What is required: Your copy starts at the line containing "I do not understand" and ends at the last line below. Copy exactly, without pictures.

The data:
* * * * * * * * *

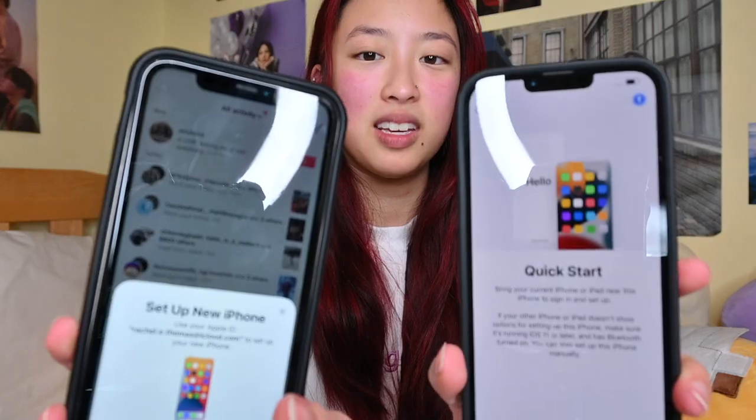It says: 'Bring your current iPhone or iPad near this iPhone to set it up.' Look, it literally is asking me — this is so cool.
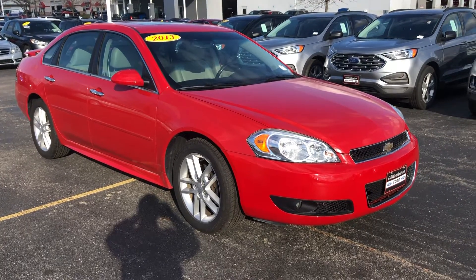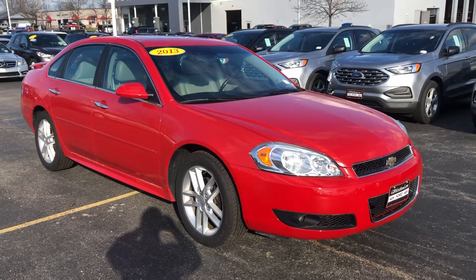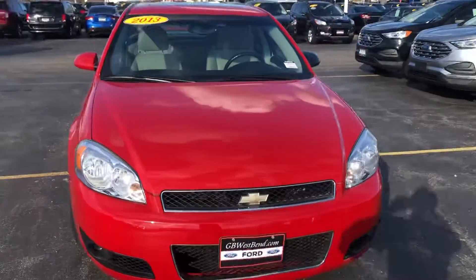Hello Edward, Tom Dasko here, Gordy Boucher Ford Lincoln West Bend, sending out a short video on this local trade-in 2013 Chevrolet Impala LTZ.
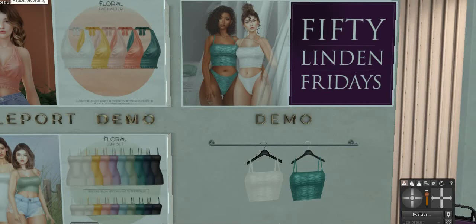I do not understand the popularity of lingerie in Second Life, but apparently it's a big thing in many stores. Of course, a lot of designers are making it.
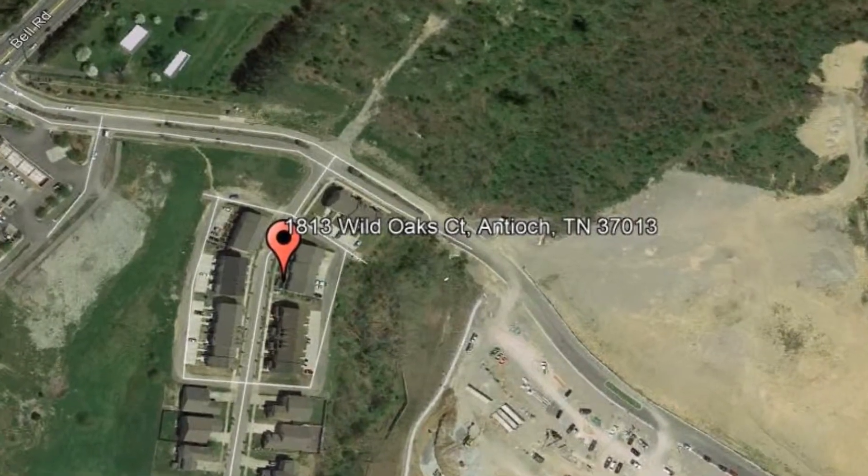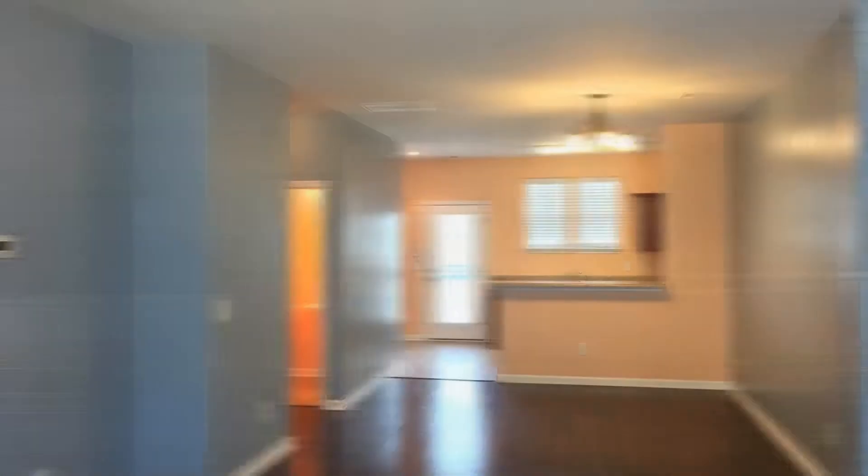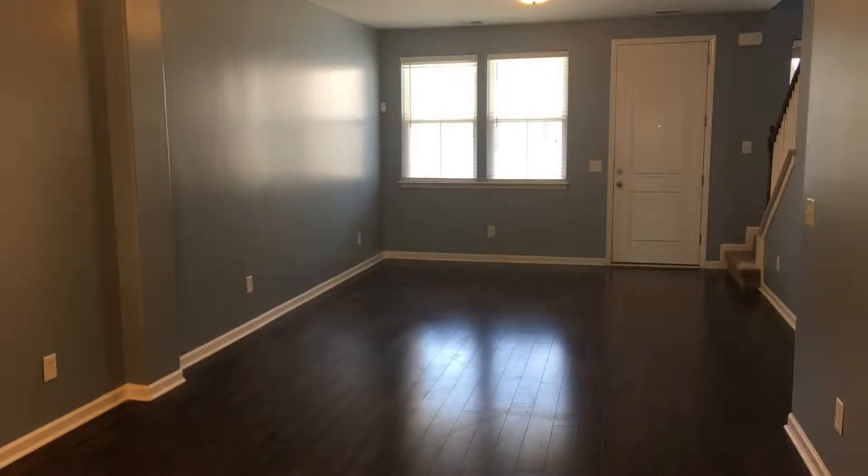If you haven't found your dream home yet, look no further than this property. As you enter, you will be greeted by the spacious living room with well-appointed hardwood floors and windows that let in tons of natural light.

* * * * * * * * *

Exercise result:
I do not understand the popularity of lingerie in Second Life, but apparently it's a big thing in many stores. Of course, a lot of designers are making it.
If you haven't found your dream home yet, look no further than this property. As you enter, you will be greeted by the spacious living room with well-appointed hardwood floors and windows that let in tons of natural light.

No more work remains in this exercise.